Wednesday, May 04, 2005

A Francophile friend is gradually discovering French movies, and the main thing that gets her are the American titles. Audrey Tatou movies, in particular, give her the pip. A la folie... pas du tout means "Madly ... And Not at All," not He Loves Me, He Loves Me Not. Le Battement d'ailes du papillon means "the beating of the butterfly's wings": why in the world call it Happenstance?

Of course, mere literalism doesn't always do the trick when you're going from one culture to another. I told her, wrongly, that Bertrand Blier's wild 1974 road movie Las Valseuses translates as "The Testicles." Actually, it means The Waltzers. Anyway, Going Places is a better title.

All of which served to suddenly make me wish I had the DVD of Going Places, because I think I'd watch it immediately. Twenty or so years ago, there were a spate of great films at the Nickleodeon that I just gobbled up, one after the next, and they were all made in the 1970s, which I think may have been some international period of balls-to-the-walls experimentation and greatness for film internationally, and not just in America.

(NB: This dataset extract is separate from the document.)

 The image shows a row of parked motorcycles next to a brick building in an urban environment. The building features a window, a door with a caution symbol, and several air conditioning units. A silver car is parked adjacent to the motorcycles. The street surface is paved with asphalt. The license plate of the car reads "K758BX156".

There was, of course, Going Places, but also Dusan Makavejev's WR: Mysteries of the Organism, and there was a five-week showing of Fassbinder's 15-hour Berlin Alexanderplatz (three hours every Sunday). Godard's migraine-inducing Weekend. Movies that pushed envelopes that are no longer pushed. Grunting. Sexual. Sweaty. Movies aren't as interested in sex anymore; now it's all about violence. After watching Robert Rodriguez and Frank Miller's dull Sin City, it seems the key question facing directors today is whether there is some new and exciting and interesting way to show carnage. Is there an angle that hasn't been used? A vital organ that hasn't been sliced in half? It's the kind of thing I would call depressing if I was melodramatic, or if I was much given to wallowing in an imaginary past, which I'm generally not. You just don't sense in movies the same kind of liberation you did in the past. i'm not sure you still can.